Continuing south, we caught glimpses of Long Beach, a vast stretch of white sand popular with surfers and horse riders, as we entered the Cape Point Nature Reserve.


Inside the reserve, the tour added an active twist: a 6-kilometer bicycle ride to the Tourist Information Centre. Bicycles and helmets were provided, and the guides told us by what time they expected us to reach there.


Riding through the fynbos (local shrubland) without the barrier of bus windows was refreshing.


At the center, we enjoyed a picnic lunch: salad and chips, rolls with cold cuts and cheese along with fruits and juice. We had some time and browsed a small museum detailing the maritime history and unique ecology of the Cape.


We then moved to Cape Point National Park. While the Flying Dutchman Funicular was available to whisk visitors up the hill, we decided to hike the path to the Old Cape Point Lighthouse.

After the lunch break we got back into the bus and headed to Cape Point National Park. Here we could buy a ticket and ride the Flying Dutchman Funicular up to the viewing point but we just decided to hike up like almost everyone else.


From this height, we could see the Cape Peninsula behind us and the vast ocean ahead. The New Cape Point Lighthouse perched much lower on the cliffs—built there because the old one was often shrouded in too much fog to be useful to ships.


For the final stretch, I chose to walk to the Cape of Good Hope via the Cape Peninsula Wooden Walkway. The trail winds along the cliff edge, offering views of the secluded Dias Beach below.
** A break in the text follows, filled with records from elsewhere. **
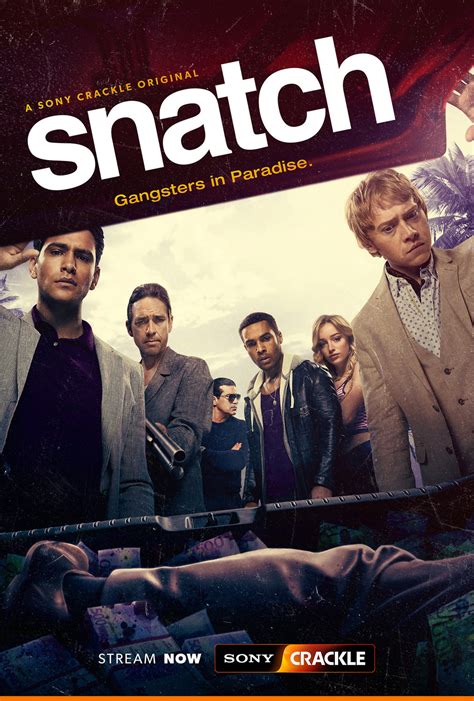 flixtor snatch|Watch all Episodes of Snatch (2017) on Flixtor.si.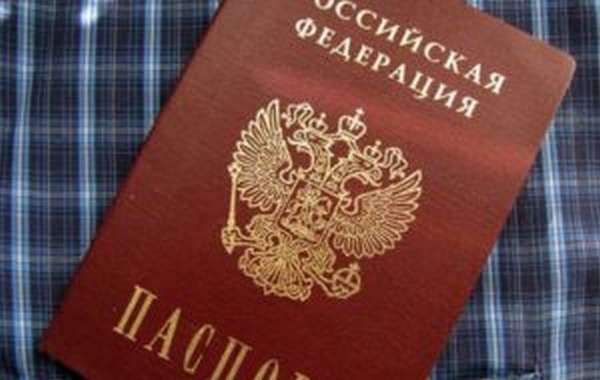 серия и номер паспорта по фио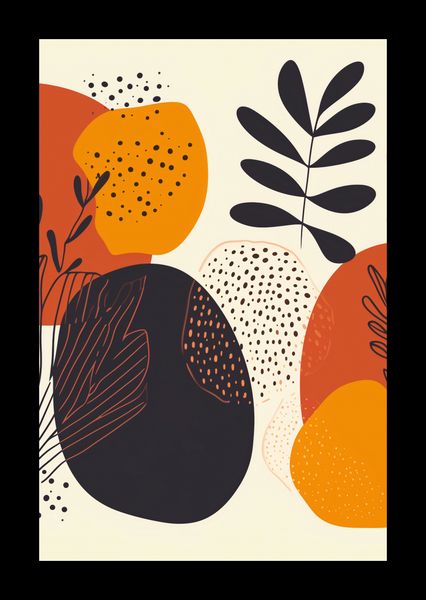 Plakat 20x30cm Ogród Wspomnień zdjęcie 2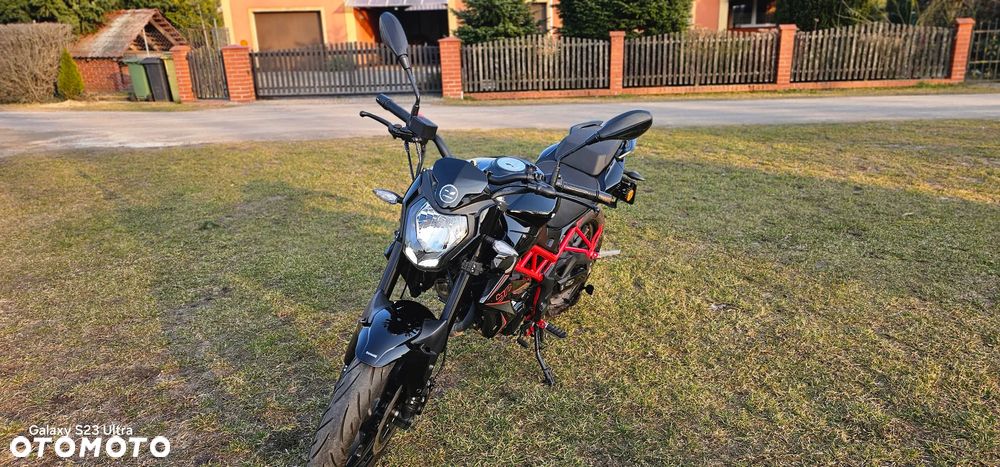 Benelli BN 125 - 5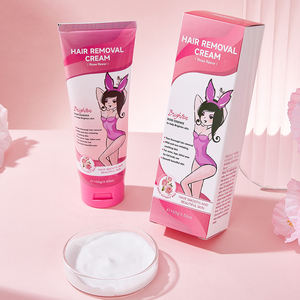 ครีมกำจัดขนถาวร กลิ่นกุหลาบ สำหรับผู้หญิง ขายส่ง กำจัดขนขาและลำตัวอย่างรวดเร็ว - Product Image 5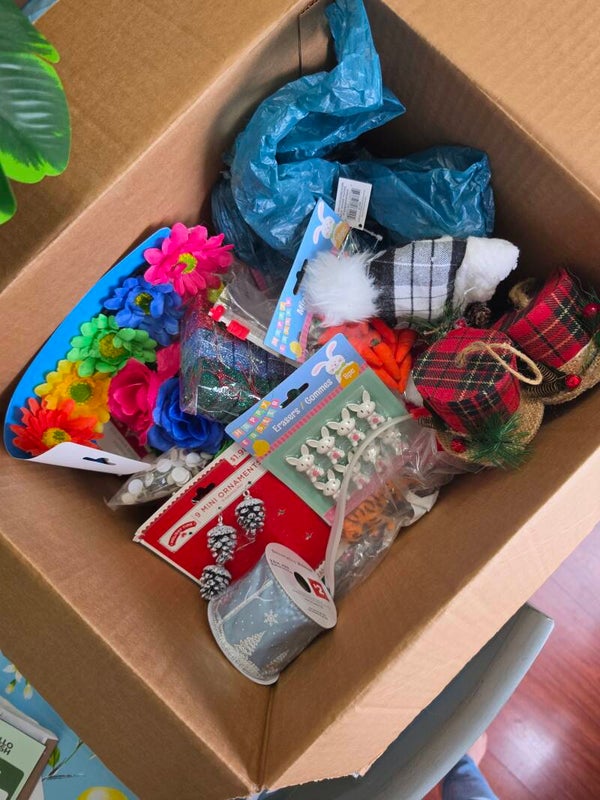 Assorted Craft Box #1
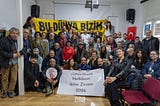 Halkların İklim Zirvesi İstanbul Meclisi Kuruldu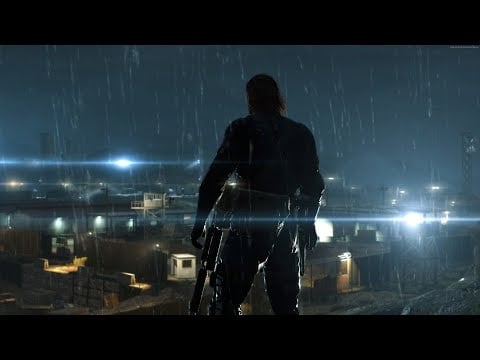 Metal Gear Solid V : The Phantom Pain - Gaming / ASMR Français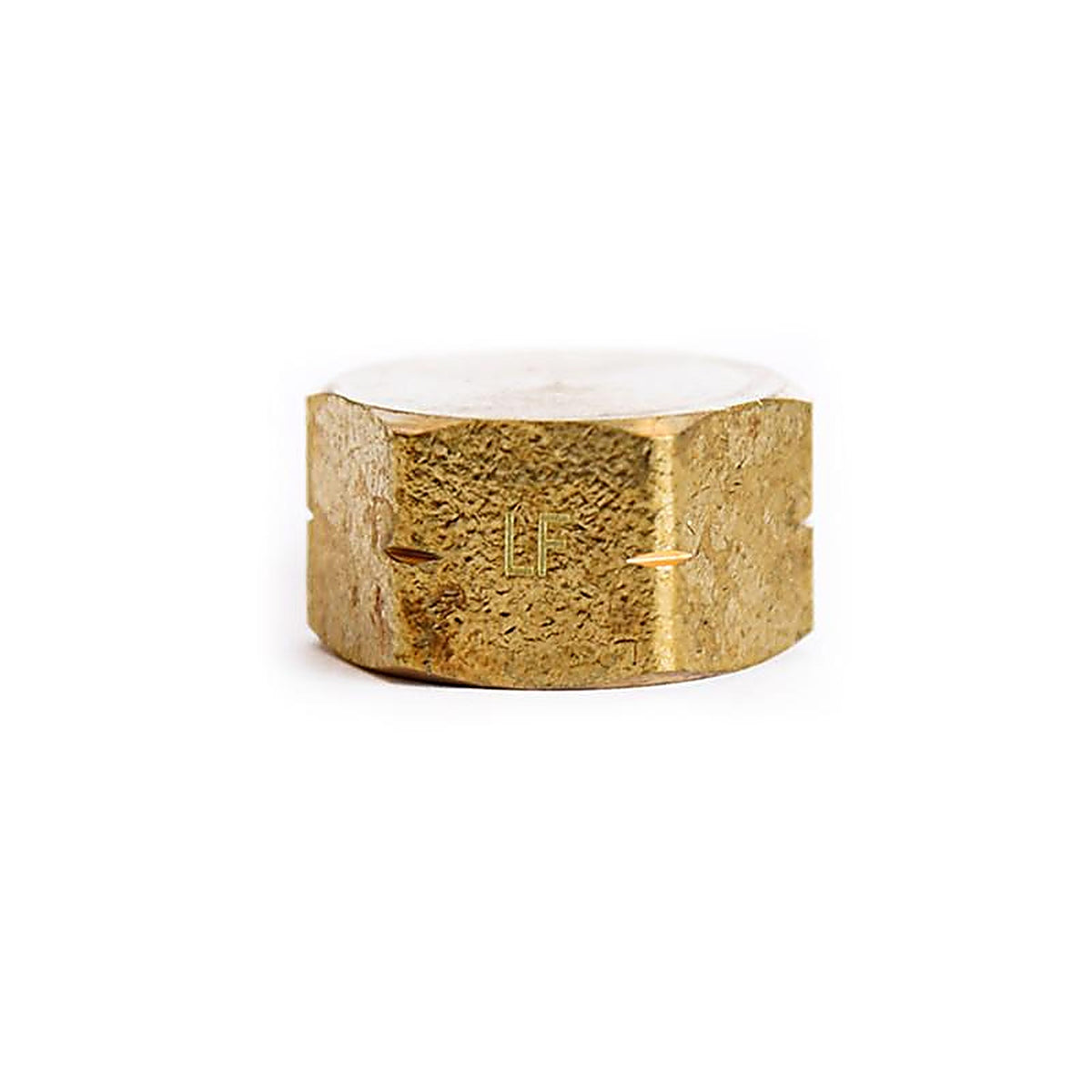 ATC - 6JC050810721049 - 5/8 In. Compression Brass Cap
The sand there looked untouched, and though time didn’t permit a descent, the view from above was breathtaking. Eventually, I reached the iconic sign marking the most South-Western point of Africa.


The drive back was a mini-safari; we spotted baboons near the road and ostriches and bontebok antelope wandering through the scrub.


Our final stop was Boulders Beach in Simon’s Town. This is home to a massive colony of African Penguins (also known as Jackass Penguins for their braying sounds).



Watching them waddle across the sand and swim through the rock pools from the boardwalk was fun.

This was the end of our trip and we drove back to Cape Town. To end the day, we headed to Mama Africa on Long Street. The restaurant is a Cape Town institution, famous for its rustic decor and live marimba music.



I decided to be adventurous and ordered Mama’s Wild Game Mixed Grill. It was a unique opportunity to try a variety of local meats, including crocodile, ostrich, springbok, kudu, and venison sausage. Each had a distinct flavor, making it a meal to remember.


After an enjoyable dinner we walked down Long Street back to the hotel, ready for a more relaxed pace tomorrow.